Insect illustrations taken from antique textbooks and dictionaries:



1. American cockroach
Not actually native to the Americas, these big roaches may have arrived on slave ships.


2. Crab louse (pubic louse)
Pubic lice pass between people during sexual contact and occasionally spread to infest the eyelids, lashes, and brows. An infestation with pubic lice is called Phthiriasis or, informally, crabs.


3. Death's-head moth
"Moths are the ghosts of the insect world. It may be the manner in which they flutter in unheralded out of the night that terrifies us. They seem to tap against our lighted windows as though the outer darkness had a message for us. And their persistence helps to terrify. But they are most terrifying of all if one suddenly sees their eyes blazing crimson as they catch the light. "--Robert Lynd




4. Jerusalem cricket (potato bug)
See this earlier post about Jerusalem crickets.


5. Toe-biter (giant water bug)


These bugs use their venom to paralyze prey and liquefy its innards, which they then drink. I once measured a three-inch giant water bug, and specimens exceeding four inches are on record. The largest can take fish, frogs, and other sizable prey. They usually expend their venom on people only when they are handled. The result, usually, is a painful but not serious bite


6. Bed bug
See this earlier post about bed bugs.


7. Predacious diving beetle with its larva (the larvae are called water tigers)

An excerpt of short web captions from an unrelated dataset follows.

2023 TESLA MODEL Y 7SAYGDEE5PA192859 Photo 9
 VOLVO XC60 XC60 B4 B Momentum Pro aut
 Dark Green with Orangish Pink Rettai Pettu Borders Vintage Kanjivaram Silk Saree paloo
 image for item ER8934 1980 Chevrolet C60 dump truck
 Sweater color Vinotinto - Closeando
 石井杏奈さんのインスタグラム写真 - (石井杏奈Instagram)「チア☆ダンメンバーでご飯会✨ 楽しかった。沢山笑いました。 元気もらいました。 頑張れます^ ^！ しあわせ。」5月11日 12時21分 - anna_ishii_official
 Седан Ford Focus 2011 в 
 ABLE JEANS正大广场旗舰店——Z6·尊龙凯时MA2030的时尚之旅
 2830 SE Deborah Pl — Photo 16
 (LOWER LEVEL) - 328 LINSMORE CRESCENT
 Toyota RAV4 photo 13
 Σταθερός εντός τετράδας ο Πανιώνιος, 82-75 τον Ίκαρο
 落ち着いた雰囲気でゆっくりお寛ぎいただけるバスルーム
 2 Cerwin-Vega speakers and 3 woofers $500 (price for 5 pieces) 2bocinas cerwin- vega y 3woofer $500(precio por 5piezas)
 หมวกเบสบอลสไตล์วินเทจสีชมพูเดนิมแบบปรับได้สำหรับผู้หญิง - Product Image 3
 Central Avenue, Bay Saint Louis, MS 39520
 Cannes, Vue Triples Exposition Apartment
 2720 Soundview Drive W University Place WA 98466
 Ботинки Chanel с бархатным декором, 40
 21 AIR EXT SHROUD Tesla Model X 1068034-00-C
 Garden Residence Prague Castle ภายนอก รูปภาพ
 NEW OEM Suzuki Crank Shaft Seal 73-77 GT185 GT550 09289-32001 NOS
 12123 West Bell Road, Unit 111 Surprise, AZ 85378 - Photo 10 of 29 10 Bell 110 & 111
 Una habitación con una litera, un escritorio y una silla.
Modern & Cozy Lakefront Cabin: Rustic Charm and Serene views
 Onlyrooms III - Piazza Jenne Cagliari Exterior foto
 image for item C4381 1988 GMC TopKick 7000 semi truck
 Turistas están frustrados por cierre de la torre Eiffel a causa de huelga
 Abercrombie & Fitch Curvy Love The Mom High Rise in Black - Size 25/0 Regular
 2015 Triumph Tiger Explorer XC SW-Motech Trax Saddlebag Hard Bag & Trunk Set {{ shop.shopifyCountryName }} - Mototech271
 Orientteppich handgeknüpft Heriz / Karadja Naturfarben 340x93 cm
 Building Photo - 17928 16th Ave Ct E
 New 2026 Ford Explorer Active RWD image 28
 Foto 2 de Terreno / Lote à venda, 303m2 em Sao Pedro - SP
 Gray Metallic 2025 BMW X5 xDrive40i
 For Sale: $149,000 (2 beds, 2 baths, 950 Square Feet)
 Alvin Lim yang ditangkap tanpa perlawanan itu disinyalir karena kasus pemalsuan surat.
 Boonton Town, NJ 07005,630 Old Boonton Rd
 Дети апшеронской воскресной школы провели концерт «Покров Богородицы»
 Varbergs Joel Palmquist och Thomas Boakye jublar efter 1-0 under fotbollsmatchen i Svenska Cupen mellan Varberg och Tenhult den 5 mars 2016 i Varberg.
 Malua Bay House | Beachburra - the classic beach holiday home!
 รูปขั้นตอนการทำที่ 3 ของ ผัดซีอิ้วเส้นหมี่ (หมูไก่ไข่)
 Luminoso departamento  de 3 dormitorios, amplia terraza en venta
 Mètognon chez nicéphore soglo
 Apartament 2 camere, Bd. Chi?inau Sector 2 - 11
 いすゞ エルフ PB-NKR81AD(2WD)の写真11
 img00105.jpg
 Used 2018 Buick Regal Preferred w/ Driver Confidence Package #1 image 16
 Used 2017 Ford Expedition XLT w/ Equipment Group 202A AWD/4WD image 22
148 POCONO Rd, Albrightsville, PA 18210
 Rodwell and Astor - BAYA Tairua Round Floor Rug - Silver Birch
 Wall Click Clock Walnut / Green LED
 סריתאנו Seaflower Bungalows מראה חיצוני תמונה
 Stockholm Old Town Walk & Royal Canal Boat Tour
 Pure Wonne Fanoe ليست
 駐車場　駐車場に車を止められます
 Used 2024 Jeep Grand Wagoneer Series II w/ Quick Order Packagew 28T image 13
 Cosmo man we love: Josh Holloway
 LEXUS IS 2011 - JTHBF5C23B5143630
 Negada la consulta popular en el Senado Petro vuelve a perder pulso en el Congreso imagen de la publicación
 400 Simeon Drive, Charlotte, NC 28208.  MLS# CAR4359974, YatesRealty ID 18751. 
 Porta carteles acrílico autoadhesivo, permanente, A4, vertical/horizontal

"Everything was astir with life in that scummy little corner. There was frog spawn adrift, tremulous with tadpoles just bursting their gelatinous envelopes; there were little pond snails creeping out into life, and under the green skin of the rush stems the larvae of a big Water Beetle were struggling out of their egg cases. I doubt if the reader knows the larva of the beetle called (I know not why) Dytiscus. It is a jointed, queer-looking thing, very muscular and sudden in its movements, and given to swimming head downward with its tail out of water; the length of a man's top thumb joint it is, and more, and it has two sharp jaws that meet in front of its head--tubular jaws with sharp points--through which its habit is to suck its victim's blood."--H. G. Wells


8. Death-watch beetle


“The church was very cold, with a scent of candle-wax and ancient dust. It was a large church, much too large for its congregation, and ruinous and more than half empty. The three narrow islands of pews stretched barely half-way down the nave, and beyond them were great wastes of bare stone floor in which a few worn inscriptions marked the sites of ancient graves. The roof over the chancel was sagging visibly; beside the Church Expenses box two fragments of riddled beam explained mutely that this was due to that mortal foe of Christendom, the death-watch beetle.”--George Orwell


9. Tsetse fly
The vector of African sleeping sickness. Victims begin with a scabbed sore at the site of the tsetse bite, then develop fever, headache, and malaise. Eventually, they progress to personality changes, lethargy, coma, and, if untreated, death. Fifteen to twenty thousand people a year come down with this illness. An outbreak occurred in the eastern African nation of Uganda from 1901 to 1905, killing 200 thousand people. One theory holds that the disease was accidentally imported a few years earlier by the Stanley expedition (of Stanley and Livingstone fame), which traced the course of the Congo River from the west.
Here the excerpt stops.